I first knew of chicory as a child when we had coffee with chicory, which mum used to prepare in a percolator (do they still make them?) and also coffee essence – Camp Coffee with the picture of the soldier in a kilt and an Indian soldier in his finery. it was only when I was older that I realised chicory was a root which was no doubt dried and ground up, commonly used as a coffee substitute… I still had no idea what the actual plant was like, and never even thought about it.
The next time I remember a mention was either in an article or book by Katherine Whitehorn, possibly Cooking in a Bedsit, where she mentions a friend who grew chicory in his wardrobe, in a pot of course, in total darkness – the point was that he wasn’t eccentric, but resourceful. That was when I realised it was a vegetables, and like celery, was blanched by protecting it from the sun.
At some point I realised it had another name, endive, and later, when I started reading old cookery books I found it was also called witloof.
The Online Etymological Diciotnary helps us out on the origin of the word:
late 14c., cicoree (modern form from mid-15c.), from Middle French cichorée “endive, chicory” (15c., Modern French chicorée), from Latin cichoreum, from Greek kikhorion (plural kikhoreia) “endive,” which is of unknown origin. Klein suggests a connection with Old Egyptian keksher. The modern English form is from French influence…
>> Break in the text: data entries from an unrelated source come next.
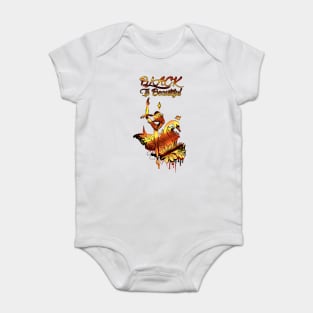 Gold Dancing Beauty - Black Is Beautiful Baby Bodysuit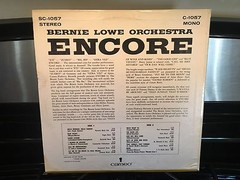 BERNIE LOWE – Encore Vol. III ~ CAMEO 1057 {nm orig} with Frank Hunter Orchestra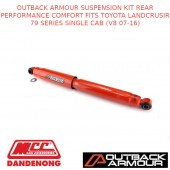 OUTBACK ARMOUR SUSPENSION KIT REAR COMFORT FITS TOYOTA LC 79 SERIES SC V8 07-16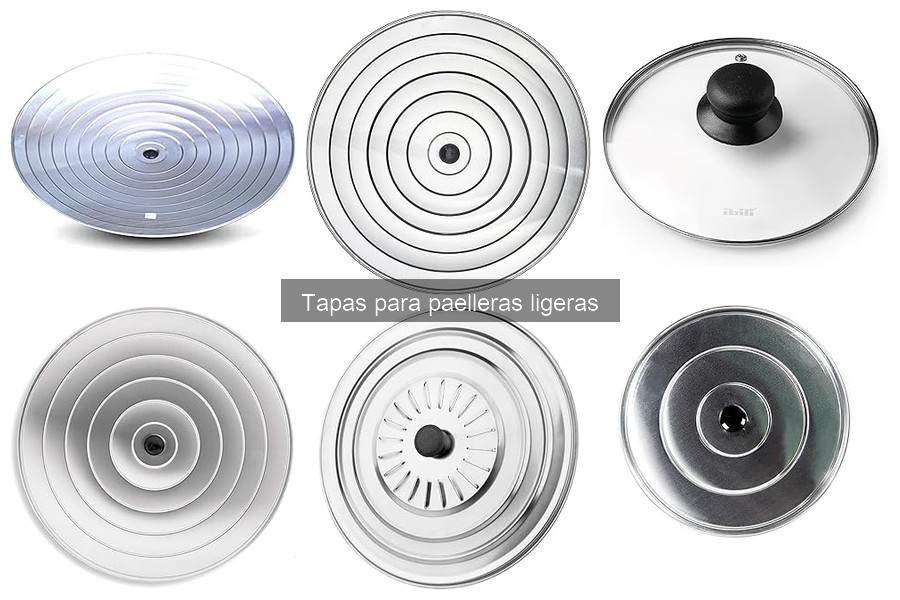Recetas deliciosas con tapas para paelleras ligeras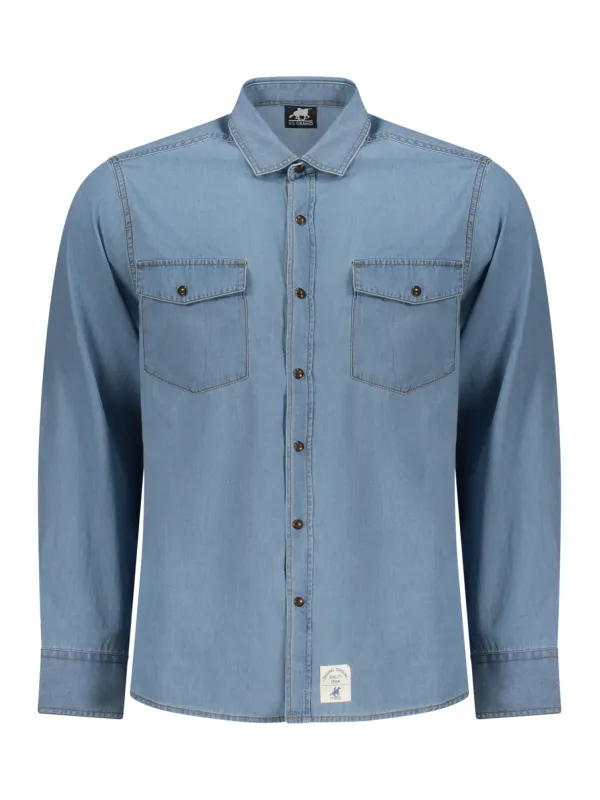 Mieten Sie das U.S. GRAND Herrenhemd in Hellblau - Flex-Fashion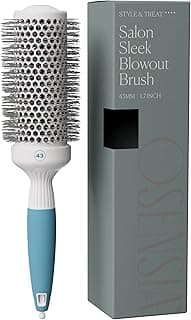 Medium Round Brushing Brush - Ceramic Hair Brush for a Smooth Salon Style Look - Professional Brushing Brush Ideal for All Hair Types - 43 mm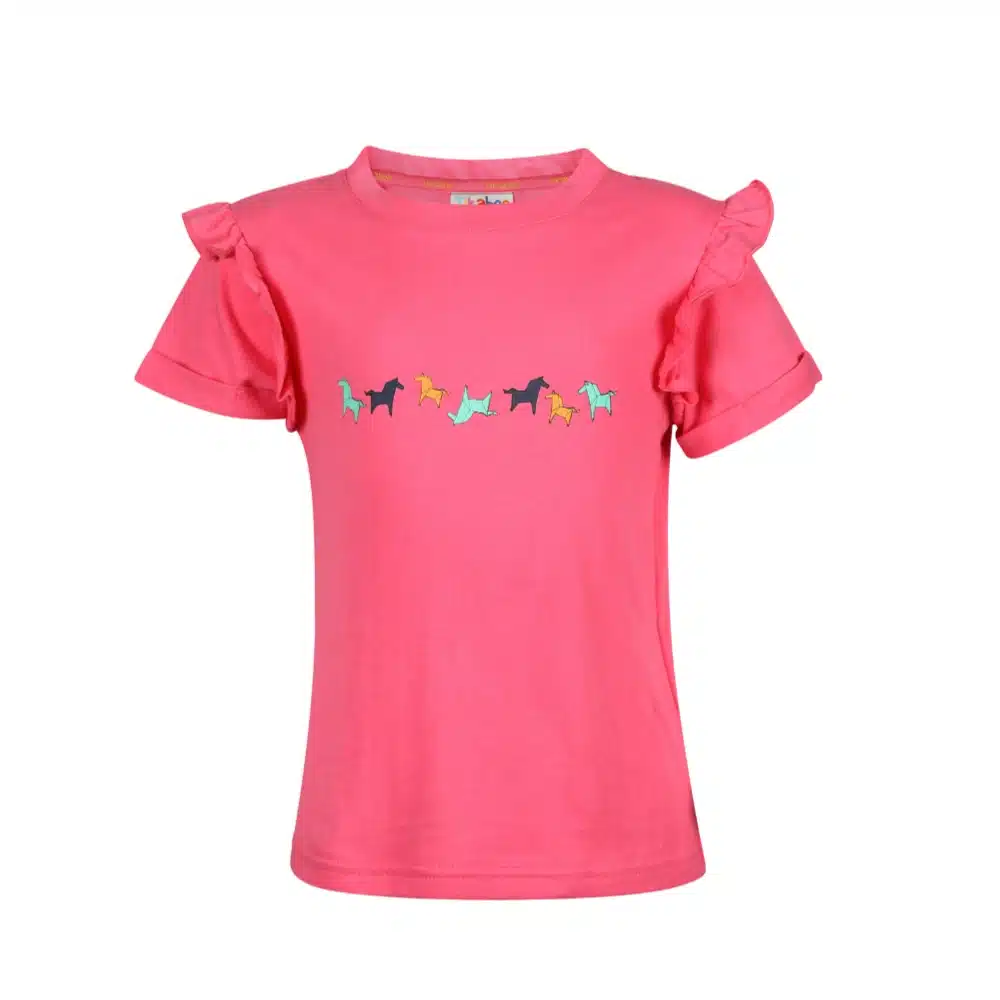 Shires Tikaboo Childrens Frill T Shirt Pink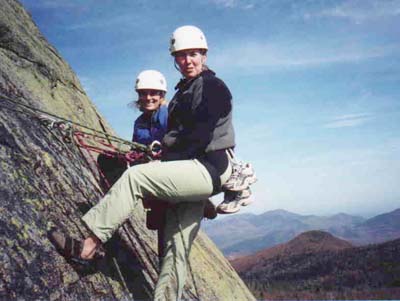 Dawn and Hensley at the first belay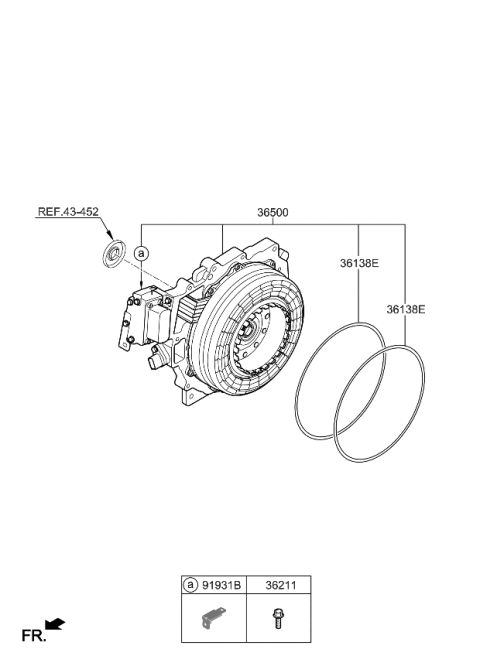 2023 Kia Sorento Traction Motor & Gdu Assy Diagram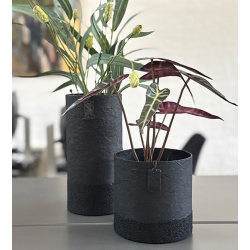 WOODz Edge pot, Black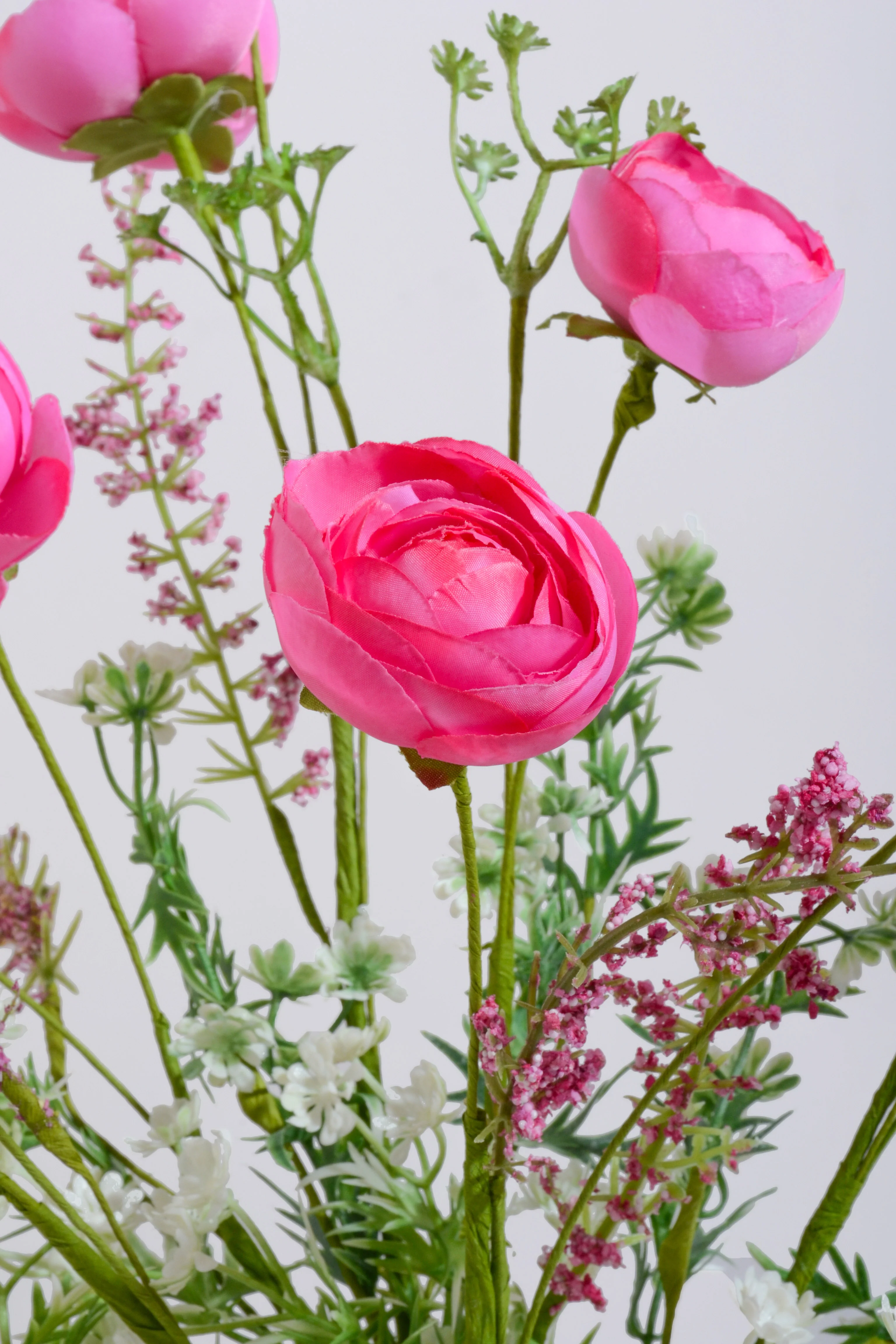 21.5" Silk Ranunculus Mixed Beauty - Image 2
late 14c., from Old French endive (14c.), from Medieval Latin endivia or a related Romanic source, from Latin intibus. This probably is connected in some way with Medieval Greek entybon, which Klein says is perhaps of Eastern origin (compare Egyptian tybi “January,” the time the plant grows in Egypt). Century Dictionary says Arabic hindiba is “appar. of European origin…
… and witloof – well, it means ‘white leaf’!
Last year we visited friends in the Netherlands and they took us to a fabulous restaurant where we had the most delicious chicory/endive/witloof… we went again this year, and luckily had it again!
The witloof is lurking at the back, wrapped in ham and coated with a wonderful sauce.